János Becsey

Personal information
- Nickname: Becso
- Born: 2 February 1968 (age 58) Budapest, Hungary

Sport
- Country: Hungary
- Sport: Para swimming
- Disability: Cerebral paresis
- Disability class: S7, SB6, SM7

Medal record
Men's para swimming
Representing Hungary
Paralympic Games
| Gold medal – first place | 1992 Barcelona | 50m freestyle S7 |
| Gold medal – first place | 1992 Barcelona | 100m freestyle S7 |
| Silver medal – second place | 2000 Sydney | 200m ind. medley SM7 |
| Bronze medal – third place | 1988 Seoul | 200m ind. medley C8 |
| Bronze medal – third place | 1992 Barcelona | 100m breaststroke SB7 |
World Championships
| Bronze medal – third place | 1998 Christchurch | 100m breastroke SB7 |
| Bronze medal – third place | 2002 Mar del Plata | 200m ind. medley SM7 |

= János Becsey =

Hungarian Paralympic swimmer

János Becsey (born 2 February 1968) is a retired Hungarian Paralympic swimmer. He competed at the Paralympic Games six times and won five medals, including two golds at the 1992 Summer Paralympics in Barcelona.
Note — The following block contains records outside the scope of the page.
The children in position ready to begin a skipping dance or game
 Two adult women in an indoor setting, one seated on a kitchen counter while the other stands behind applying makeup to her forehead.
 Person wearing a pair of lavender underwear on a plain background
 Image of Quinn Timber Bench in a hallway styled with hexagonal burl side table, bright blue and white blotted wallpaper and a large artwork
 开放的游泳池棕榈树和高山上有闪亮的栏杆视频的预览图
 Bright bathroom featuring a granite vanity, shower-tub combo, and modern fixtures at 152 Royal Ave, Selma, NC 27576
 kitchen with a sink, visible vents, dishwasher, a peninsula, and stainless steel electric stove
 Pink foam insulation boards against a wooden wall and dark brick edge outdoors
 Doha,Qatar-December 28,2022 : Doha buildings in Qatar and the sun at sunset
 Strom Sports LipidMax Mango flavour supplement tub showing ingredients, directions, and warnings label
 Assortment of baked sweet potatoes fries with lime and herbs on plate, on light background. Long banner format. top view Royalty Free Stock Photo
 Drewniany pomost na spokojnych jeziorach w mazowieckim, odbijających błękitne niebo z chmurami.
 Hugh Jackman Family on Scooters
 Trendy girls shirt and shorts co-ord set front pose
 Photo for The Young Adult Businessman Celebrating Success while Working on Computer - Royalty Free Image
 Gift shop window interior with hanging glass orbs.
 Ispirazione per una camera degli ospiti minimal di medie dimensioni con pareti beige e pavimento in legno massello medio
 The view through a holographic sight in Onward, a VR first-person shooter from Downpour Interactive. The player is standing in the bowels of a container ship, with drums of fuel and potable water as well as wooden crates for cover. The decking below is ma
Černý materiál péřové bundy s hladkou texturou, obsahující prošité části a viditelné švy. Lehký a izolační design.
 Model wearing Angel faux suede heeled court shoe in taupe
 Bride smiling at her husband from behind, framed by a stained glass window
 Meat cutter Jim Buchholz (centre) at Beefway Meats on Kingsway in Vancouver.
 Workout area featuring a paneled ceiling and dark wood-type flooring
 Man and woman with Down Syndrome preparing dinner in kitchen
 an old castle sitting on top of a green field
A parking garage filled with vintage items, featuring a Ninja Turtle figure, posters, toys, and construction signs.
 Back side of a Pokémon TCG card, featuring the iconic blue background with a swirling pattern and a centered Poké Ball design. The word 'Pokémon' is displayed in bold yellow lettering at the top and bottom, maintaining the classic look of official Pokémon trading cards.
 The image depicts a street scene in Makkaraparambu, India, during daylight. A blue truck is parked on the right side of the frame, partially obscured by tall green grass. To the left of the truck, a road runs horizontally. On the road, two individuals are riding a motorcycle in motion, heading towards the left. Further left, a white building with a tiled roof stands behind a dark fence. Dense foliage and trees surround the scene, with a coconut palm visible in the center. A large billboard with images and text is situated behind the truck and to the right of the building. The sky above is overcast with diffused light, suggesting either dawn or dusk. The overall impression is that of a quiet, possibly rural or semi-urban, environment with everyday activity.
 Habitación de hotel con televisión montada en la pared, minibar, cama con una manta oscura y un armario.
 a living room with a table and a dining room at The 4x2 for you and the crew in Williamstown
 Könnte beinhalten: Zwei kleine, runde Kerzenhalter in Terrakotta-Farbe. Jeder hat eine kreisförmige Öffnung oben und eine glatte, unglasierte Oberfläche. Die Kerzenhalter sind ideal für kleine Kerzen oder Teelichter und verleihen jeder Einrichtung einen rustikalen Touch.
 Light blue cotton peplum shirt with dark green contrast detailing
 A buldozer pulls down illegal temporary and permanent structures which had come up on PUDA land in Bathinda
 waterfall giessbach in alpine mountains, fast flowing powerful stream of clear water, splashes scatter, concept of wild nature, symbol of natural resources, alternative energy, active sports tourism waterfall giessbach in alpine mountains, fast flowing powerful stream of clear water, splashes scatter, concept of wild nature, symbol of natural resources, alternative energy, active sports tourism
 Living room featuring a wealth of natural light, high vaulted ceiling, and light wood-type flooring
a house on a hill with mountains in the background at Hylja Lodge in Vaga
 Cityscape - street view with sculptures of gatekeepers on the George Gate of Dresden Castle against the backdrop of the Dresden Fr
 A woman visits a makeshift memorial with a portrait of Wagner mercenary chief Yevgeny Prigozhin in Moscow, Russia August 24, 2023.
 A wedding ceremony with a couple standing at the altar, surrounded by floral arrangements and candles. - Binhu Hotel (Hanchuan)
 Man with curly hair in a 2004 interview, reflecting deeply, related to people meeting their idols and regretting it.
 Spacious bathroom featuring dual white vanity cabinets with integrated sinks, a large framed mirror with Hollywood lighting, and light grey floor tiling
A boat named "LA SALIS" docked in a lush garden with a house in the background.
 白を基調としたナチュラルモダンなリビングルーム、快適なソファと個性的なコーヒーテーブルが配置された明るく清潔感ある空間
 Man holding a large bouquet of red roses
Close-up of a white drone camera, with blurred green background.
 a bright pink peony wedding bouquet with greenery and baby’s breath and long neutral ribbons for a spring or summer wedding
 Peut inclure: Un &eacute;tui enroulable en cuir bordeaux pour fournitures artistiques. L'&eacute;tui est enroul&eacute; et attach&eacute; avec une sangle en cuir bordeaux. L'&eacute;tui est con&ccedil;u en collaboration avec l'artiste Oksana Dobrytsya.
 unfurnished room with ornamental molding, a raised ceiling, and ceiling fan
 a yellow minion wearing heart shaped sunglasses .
In addition, he is also a four-time World Championships gold medalist.

He was inspired to start swimming after watching the 1976 Summer Olympics, when he was only eight years old, and began training at age of 6.

Becsey has cerebral paresis on his right side due to oxygen deprivation and a stroke when he was an infant.